Great news for investors – Vincit Oyj is still trading at a fairly cheap price according to my price multiple model, where I compare the company's price-to-earnings ratio to the industry average. In this instance, I’ve used the price-to-earnings (PE) ratio given that there is not enough information to reliably forecast the stock’s cash flows. I find that Vincit Oyj’s ratio of 40.25x is below its peer average of 46.89x, which indicates the stock is trading at a lower price compared to the Software industry. What’s more interesting is that, Vincit Oyj’s share price is quite volatile, which gives us more chances to buy since the share price could sink lower (or rise higher) in the future. This is based on its high beta, which is a good indicator for how much the stock moves relative to the rest of the market.
What does the future of Vincit Oyj look like?
Investors looking for growth in their portfolio may want to consider the prospects of a company before buying its shares. Although value investors would argue that it’s the intrinsic value relative to the price that matter the most, a more compelling investment thesis would be high growth potential at a cheap price. With revenues expected to grow by a double-digit 14% over the next couple of years, the outlook is positive for Vincit Oyj. If the level of expenses is able to be maintained, it looks like higher cash flow is on the cards for the stock, which should feed into a higher share valuation.
What this means for you:
Are you a shareholder? Since VINCIT is currently trading below the industry PE ratio, it may be a great time to accumulate more of your holdings in the stock. With an optimistic outlook on the horizon, it seems like this growth has not yet been fully factored into the share price. However, there are also other factors such as capital structure to consider, which could explain the current price multiple.
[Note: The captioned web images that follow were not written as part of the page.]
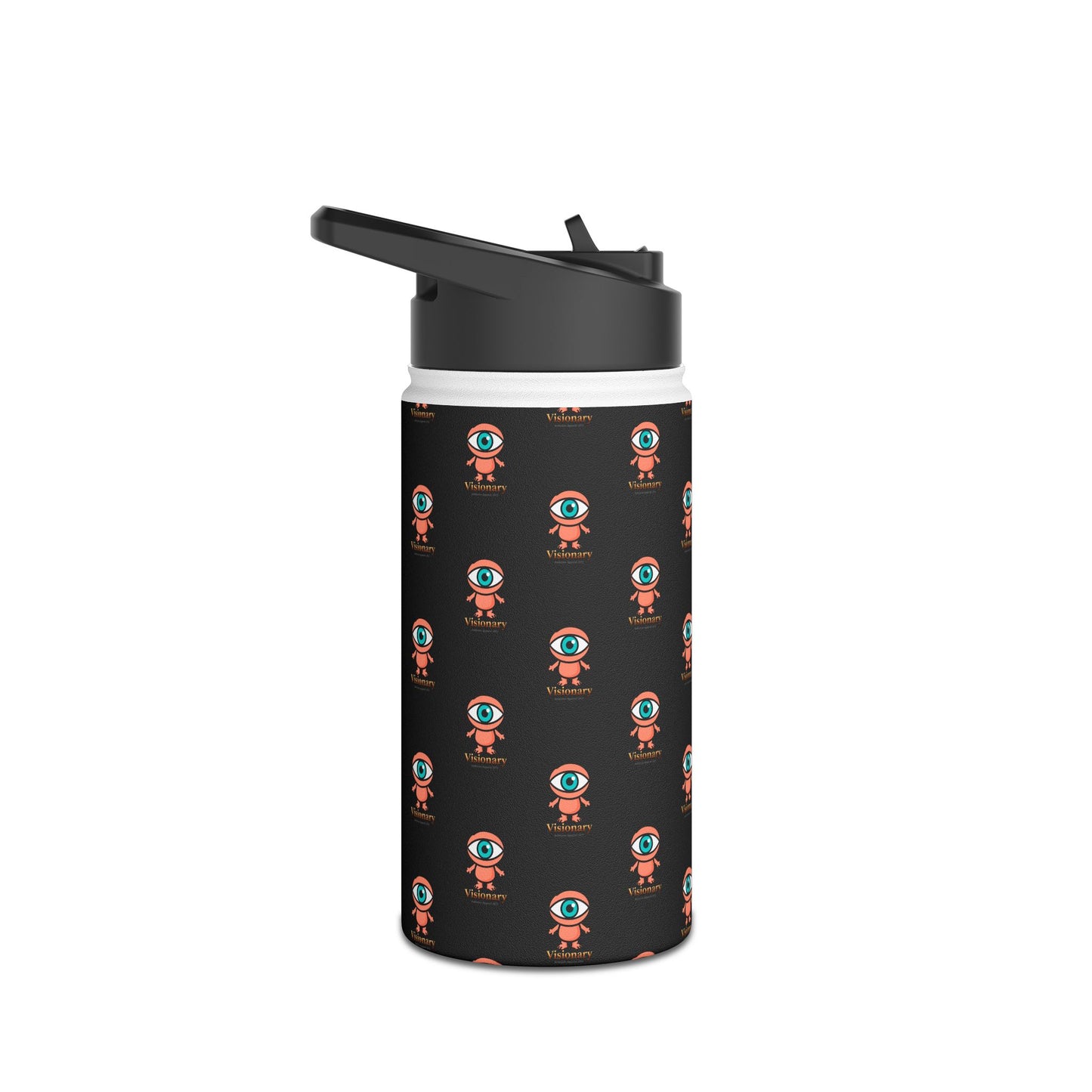 Visionary Stainless Water Bottle — Black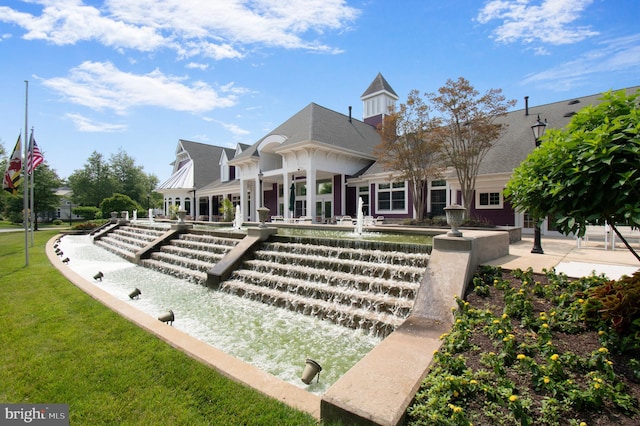 7207 Ivy Bank Rd, Laurel, MD 20707 - rear view of property featuring a yard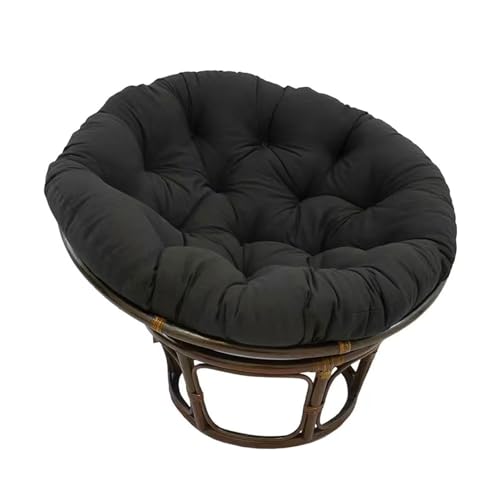 Rundes Stuhlkissen für den Außenbereich, weiches getuftetes Kissen für Hängesessel mit rutschfesten Bändern, perfekt für Terrasse, Garten und Deck-Komfort, 121,9 cm von Generisch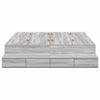 Storage Bed Frame Grey Sonoma 150 cm Engineered Wood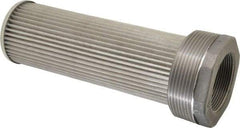 Flow Ezy Filters - 100 Mesh, 189 LPM, 50 GPM, 3" Diam, Male/Female Tank Mounted Strainer - 3 x 2 Port NPT, 9.8" Long - Apex Tool & Supply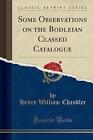 Some Observations on the Bodleian Classed Catalogu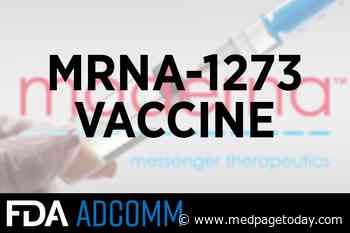 FDA Staff Give Moderna COVID-19 Vax Favorable Report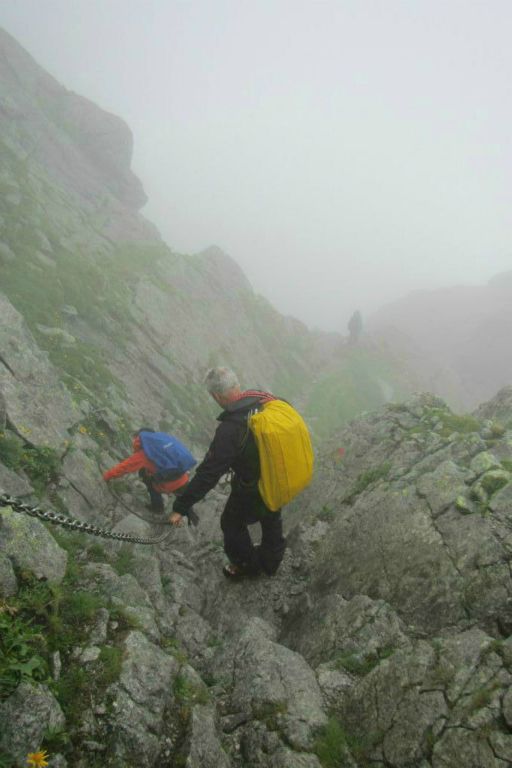 Début de la descente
Are you a potential investor? If you’ve been keeping an eye on VINCIT for a while, now might be the time to enter the stock. Its buoyant future outlook isn’t fully reflected in the current share price yet, which means it’s not too late to buy VINCIT. But before you make any investment decisions, consider other factors such as the track record of its management team, in order to make a well-informed assessment.
Price is just the tip of the iceberg. Dig deeper into what truly matters – the fundamentals – before you make a decision on Vincit Oyj. You can find everything you need to know about Vincit Oyj in the latest infographic research report. If you are no longer interested in Vincit Oyj, you can use our free platform to see my list of over 50 other stocks with a high growth potential.
If you spot an error that warrants correction, please contact the editor at email@example.com. This article by Simply Wall St is general in nature. It does not constitute a recommendation to buy or sell any stock, and does not take account of your objectives, or your financial situation. Simply Wall St has no position in the stocks mentioned.